Todd
Hey guys,
I have a quick question on some stuff I've seen in episode 124: https://www.youtube.com/watch?v=W_szrzjYuvs&t=818s .
Here Casey is talking about the compiler making decisions and possibly excluding things. Under what context does this happen? I am slightly confused on what he is referring to here. I was under the impression that the code gets compiled and then ran separately and thus the compiler had no impact on runtime decisions in the program. Is he speaking about the compiler excluding stuff at compile-time in prediction of how things may play out at runtime? Thanks.
When you write code, you tell the computer WHAT to do. The compiler tells the machine HOW to do it.
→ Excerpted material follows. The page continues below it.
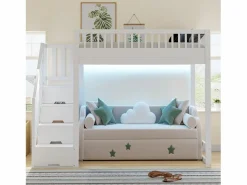 ModernLuxe Cama altillo 140x200 cm - con escalera de seguridad - con barreras de seguridad - equipado de luces LED - ​ (colchón no incluido) Blanco New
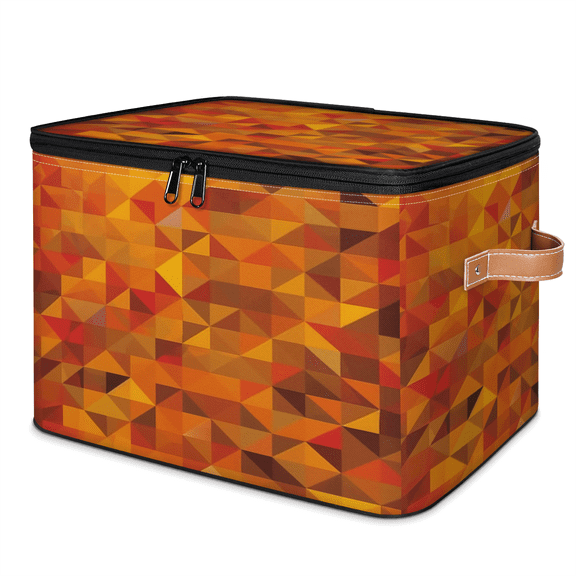 ADECORIVY Orange Triangle Mosaic Shapes Storage Bin with Zipper Lid, Fabric Storage Baskets Boxes with Handles, Decorative Clothes Organizer Containers for Shelves, Wardrobe, Closet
Modern compilers have tons of optimization technique to make your code run faster. Also, computer has a memory hierarchy. Fastest is the registers, then L1-4 caches, then main memory, and slowest is harddrive. Running programs are stored in the main memory. Thus, when you want to read something, you have to load it from the main memory.
For a variable that rarely gets modified but being read very often, the compiler can optimize reading by generating machine-level instruction to load the variable into a register(or a cache) and read from the register(or cache). In other word, a copy was made for faster access.
This optimization is not OK in a multi-threading environment. In this situation, we're reading from a snapshot; the actual variable may be modified in the main memory by something else. Using volatile prevents this optimization and force the compiler to load the variable from main memory for each read.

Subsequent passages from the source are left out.